Pelahap Maut juga merekrut beberapa makhluk lain untuk mendukung kampanye teror
mereka, umumnya makhluk-makhluk yang "terpinggirkan" oleh komunitas
sihir seperti Dementor, manusia serigala (seperti Fenrir Greyback),
dan raksasa. Banyak dari mereka mau menjadi simpatisan Pelahap Maut karena
dijanjikan "kebebasan", "persamaan hak", dan lain
sebagainya, persis seperti modus perekrutan teroris di dunia Muggle (dunia
kita, dunia nyata). Para Pelahap Maut kembali kabur dari Azkaban dan
kemudian menyerbu Hogwarts pada akhir tahun keenam Harry. Mereka
diselundupkan oleh Draco Malfoy melalui Kamar Kebutuhan. Sekali lagi
mereka berhasil lolos setelah Snape membunuh Dumbledore (yang ternyata sudah
direncanakan Dumbledore sebelumnya).
Pada buku ketujuh, para Pelahap Maut semakin aktif
menebarkan teror. Bahkan, mereka kemudian berhasil menguasai Kementerian
Sihir dan Sekolah Hogwarts. Banyak dari mereka yang kemudian ditunjuk
sebagai pejabat-pejabat penting Kementerian, di bawah pimpinan Menteri Sihir
Pius Thicknesse, mantan Kepala Departemen Penegakan Hukum Sihir yang berada di
bawah pengaruh Kutukan Imperius. Di Hogwarts, mereka menempatkan Severus Snape
sebagai Kepala Sekolah (yang kemudian terbukti sebagai agen ganda dan lebih
setia kepada Dumbledore), dan kakak beradik Amycus dan Alecto Carrow
sebagai Guru Pertahanan terhadap Ilmu Hitam (kemudian menjadi Ilmu Hitam) dan
Telaah Muggle, yang dijadikan pelajaran wajib pada rezim teror ini, yang digunakan
untuk menyebarkan propaganda anti-Muggle.
Pertempuran Hogwarts (2 Mei 1998), menandai kejatuhan
dan akhir petualangan Lord Voldemort dan Pelahap Mautnya. Mereka mengalami
kekalahan besar dalam pertempuran tersebut (banyak di antara mereka yang
tewas), sementara Lord Voldemort sendiri tewas dalam duel terakhir melawan
Harry Potter. Setelah itu, banyak dari mereka yang ditangkap dan dipenjarakan
di Azkaban, sementara yang lainnya melarikan diri dan atau bersembunyi
(kemungkinan hingga ke luar negeri).

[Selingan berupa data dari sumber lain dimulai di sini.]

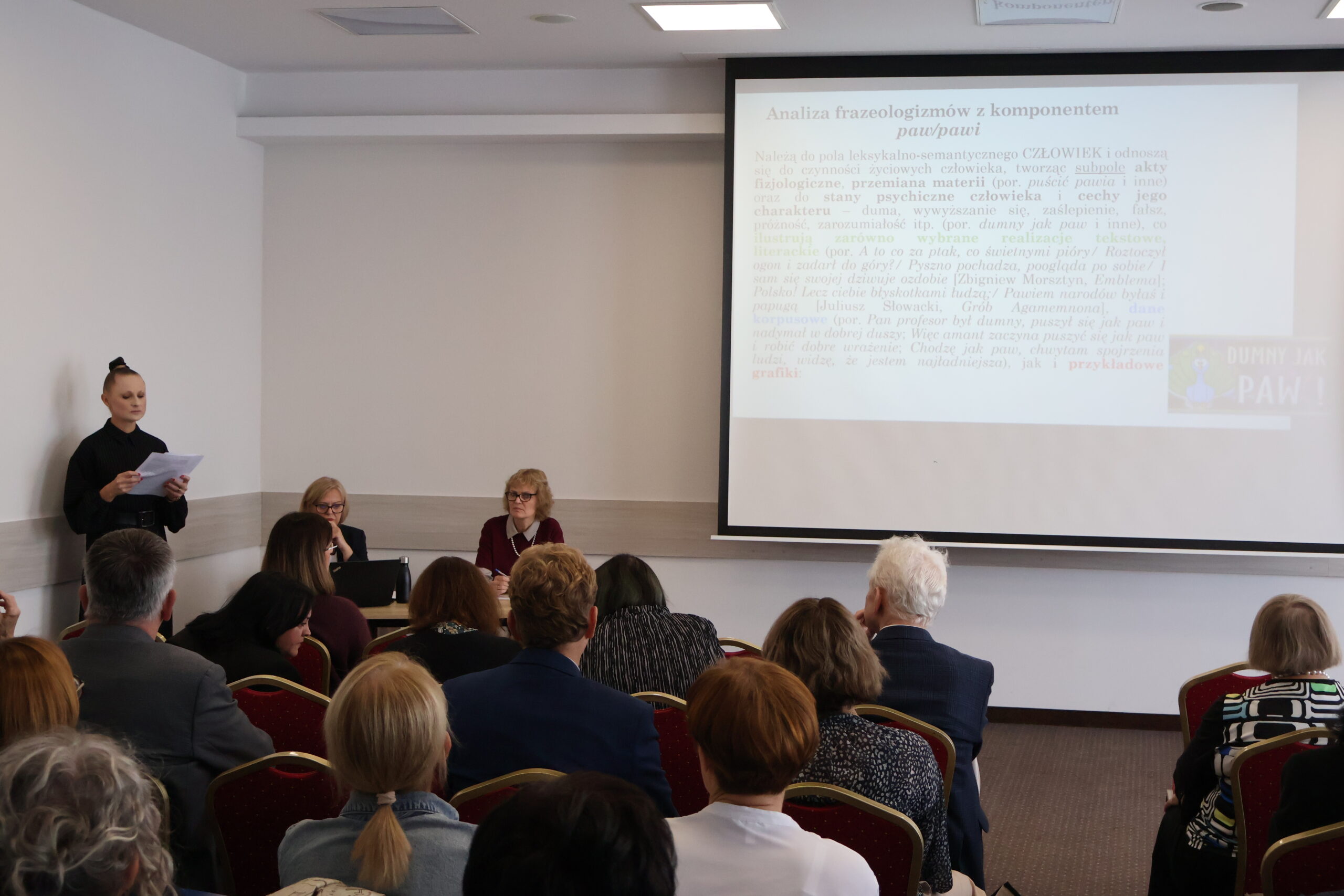Na zdjęciu: dr Monika Peplińska podczas wygłaszania referatu oraz uczestnicy konferencji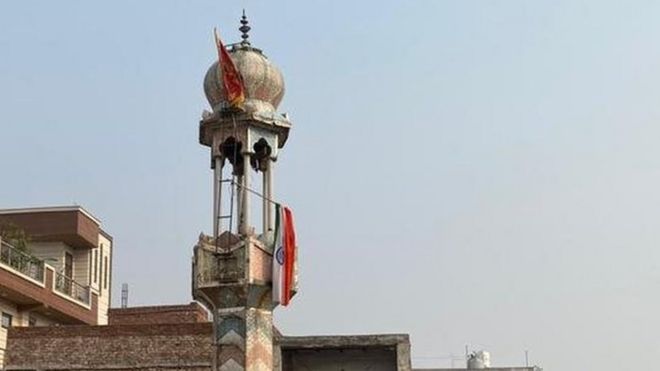 मस्जिद की मीनार पर झंडे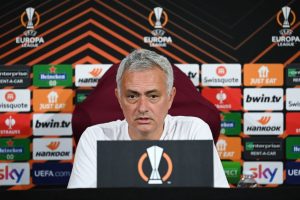 AS Roma  Press Conference Mourinho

Kemungkinan lain, beberapa dari mereka
telah dieksekusi oleh rakyat sihir atau oknum-oknum petugas
Kementerian yang sudah marah atas sepak terjang mereka ketika mencoba
meloloskan diri, terutama pada hari-hari pertama pasca pertempuran tersebut,
meskipun tindakan ini tentu saja merupakan tindakan main hakim sendiri.
Hanya keluarga Malfoy yang mendapat pengampunan dan amnesti dari Kementerian.
JK Rowling menambahkan, bahwa Tanda Kegelapan yang berada di tangan para
pelahap maut memudar setelah kekalahan Voldemort.